![logo](https://lh3.googleusercontent.com/drive-viewer/AK7aPaD3ufeMCQTD1-doWtQSHK8snQjgqYdAscSL7mNuLmhVVAoDmdbuV5Z1eG_j5-vT4N64bUvfOrHjuw-3WrS532FsUSu9=s1600)

# Data Science Assessment

## Theoretical Part

### Question 1
#### You are given thousands of images like the one in the link below:
#### https://drive.google.com/file/d/1Q7ri0UcGmtsfYiAJ1hb8fI0bLdmsYMNi/view?usp=sharing
#### Describe the method you would use for getting key information from each product image.

To extract key information from product images, we could use the following pipeline of procedures: 

1 Image Preprocessing:
- Enhance image quality and adjust brightness/contrast if necesary.
- Check for alternative angles for the product, in order to process all images of the same product as a group.
    
2 Object Detection: 
- Use pre-trained object detection models (such as YOLO) to identify and locate objects with the image
- Identify the main (target) object and ignore text boxes, banners and additional marketing elements.

3 Image Segmentation:
- Employ deep learning segmentation and/or edge detection techniques to divide the image into meaningful regions.
- Identify the product's boundaries, in order to detect the packaging type (bottle, box, etc) to record it.

4 Feature Extraction:
- Use pattern matching or train a classificiation model to identify specific markers (e.g. US GROWN) on the packaging.
- Use another model to identify markers that indicate applicable discounts.

5 Text Extraction:
- Use optical character recognition (OCR) to extract text information from the product image, such as product names, descriptions and other labels.
- Additionally detect information such as volume, weight and nutritional information.

6 Classification:
- Train a classification model to categorize products (e.g. beverage, rice, pasta, etc).
  
7 Quality Control:
- Implement checks to ensure the accuracy of the information extracted.
- Address false positives/negatives and refine the model if necessary.

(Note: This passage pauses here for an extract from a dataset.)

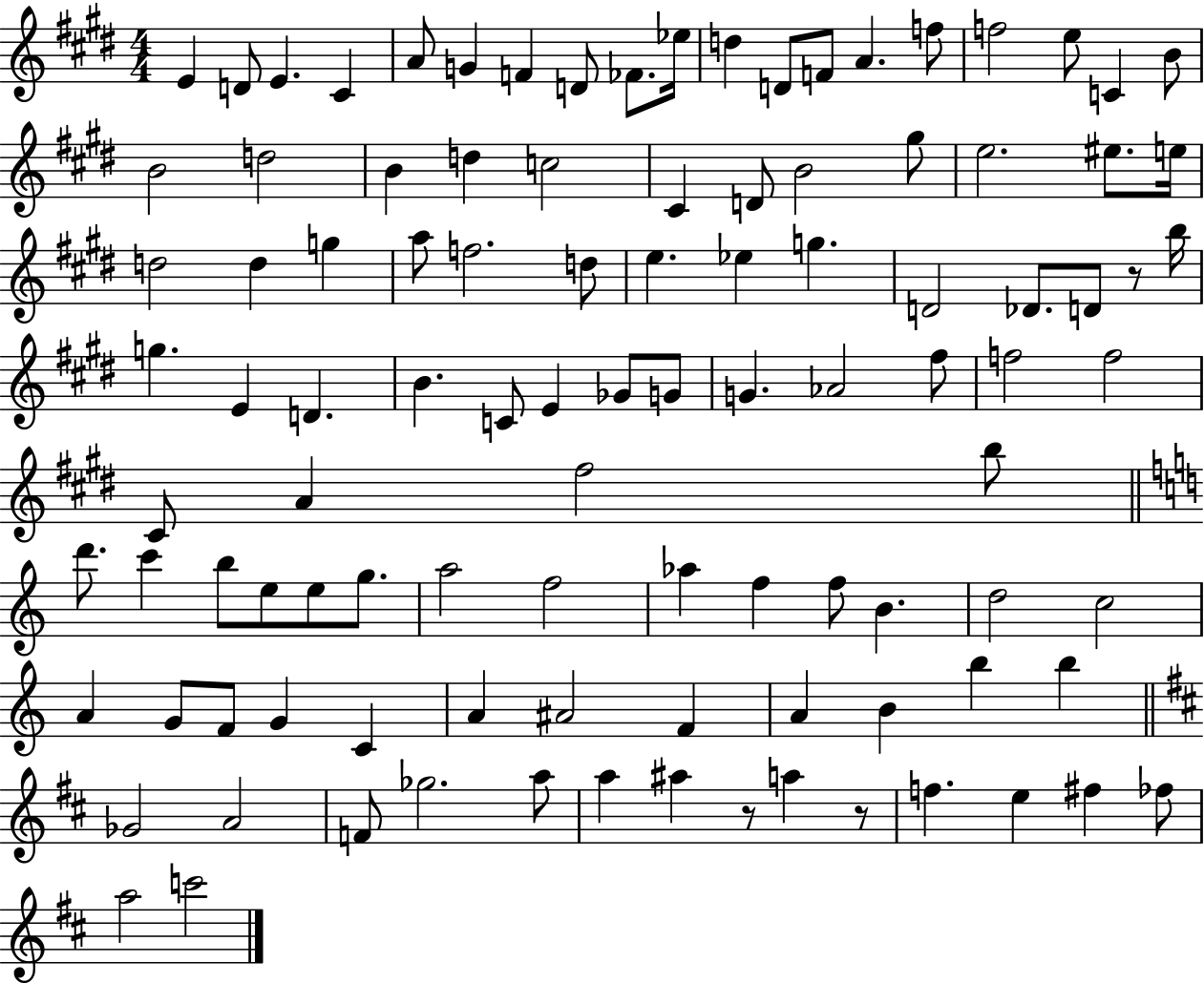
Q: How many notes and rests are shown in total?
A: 104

8 Integration with database: 
- Store the extracted information in a structured format and integrate it into a database.
  
9 Maintenance:
- Update and retrain the models with new data to adapt to changes in the product images.tem category


### Question 2
#### One of our customers is interested in monitoring the grocery section of a direct competitor, Target, in the state of New York.
#### https://www.target.com/
#### Target is a huge website with tons of data publicly available. Suggest three valuable insights that we can be capturing by scraping the website on a daily basis.

1 Product pricing and promotions:
- Track daily flunctuations in product prices as continuous time series and identify any promotions, discounts, or special offers.

2 Product availability and stock levels:
- Track the availability of popular grocery items and track stock levels over time.
- Identify out-of-stock or low-stock situations for specific products.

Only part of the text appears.